I purchased an updated (SD card) from Nissan. Came with instructions to install yourself but since I happened to be at my local garage, I had them do it. It did not work and now the entire system is "frozen", can't be fixed and Nissan dealer quotes $4200 for a new one. Working with Consumer Affairs to try to get this fixed. I'm about 1000 miles over warranty It was obviously the wrong card since they now tell me there is no map update available for the 2015 model. Seems like Nissan won't stand behind this. Too bad I've only driven Nossans for the last 20 years or more with no trouble at all.


----------



## AndyMac (Mar 19, 2009)

A few weeks ago I discovered the 2018 (actually 2016-2017) maps available at Nissan Navigation Map Updates | Home | HERE and ordered it. This time it arrived and I had no problems upgrading the navigation system in my 2015 Murano.


----------



## New2Murano2015 (Feb 14, 2018)

AndyMac do you like the updated version? I am either going to buy it for my 2015 Murano SL, or buy a Garmin. The Garmin base model is $170 so Id rather buy the Murano Navi update. But only if it's worth $130. 
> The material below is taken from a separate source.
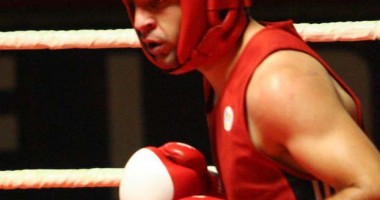 Stire din Sport : Șase seniori constănțeni boxează la Naționalele de la Bacău
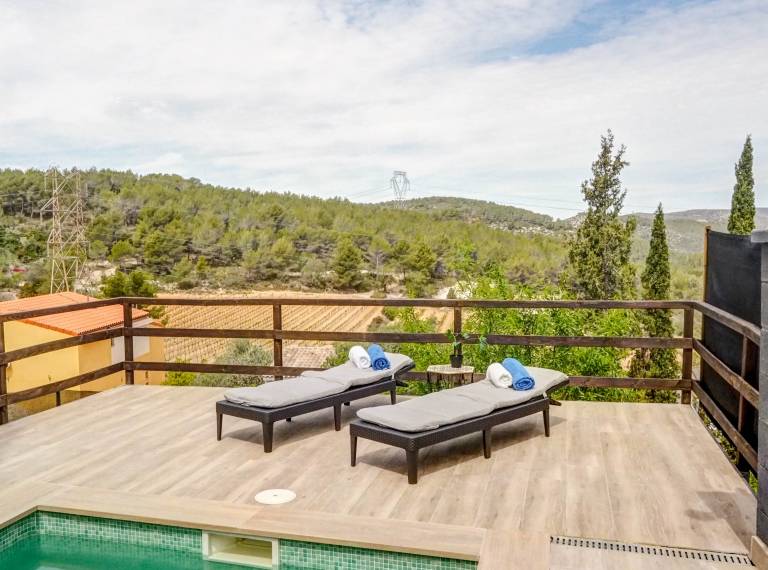 Villa with patio, yard & private pool | Mountain view — photo 5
I just bought a 2015 Murno SL with Tech. Package, but the Navi is still from 2013-2014, and I don't like it 

If you could, would you re-buy it, or go with a Garmin type of Navi system? Thanks!



AndyMac said:


> A few weeks ago I discovered the 2018 (actually 2016-2017) maps available at HERE and ordered it. This time it arrived and I had no problems upgrading the navigation system in my 2015 Murano.


----------



## AndyMac (Mar 19, 2009)

New2Murano2015 said:


> AndyMac do you like the updated version? I am either going to buy it for my 2015 Murano SL, or buy a Garmin. The Garmin base model is $170 so Id rather buy the Murano Navi update. But only if it's worth $130.
> 
> I just bought a 2015 Murno SL with Tech. Package, but the Navi is still from 2013-2014, and I don't like it
> 
> If you could, would you re-buy it, or go with a Garmin type of Navi system? Thanks!


If you are talking about spending the money for the SD card upgrade for the built-in nav system or spending the money on a standalone Garmin unit, my choice would be to upgrade the built-in nav system. I didn't spend the money on the Nissan navigation system so I could stick something up on the dash with wires running all over the place.

The interface and software are the same. I can tell the maps are updated based on them matching roads that have changed in the last few years but if you don't like the interface in the car navigation system then maybe you need to go with the Garmin.


----------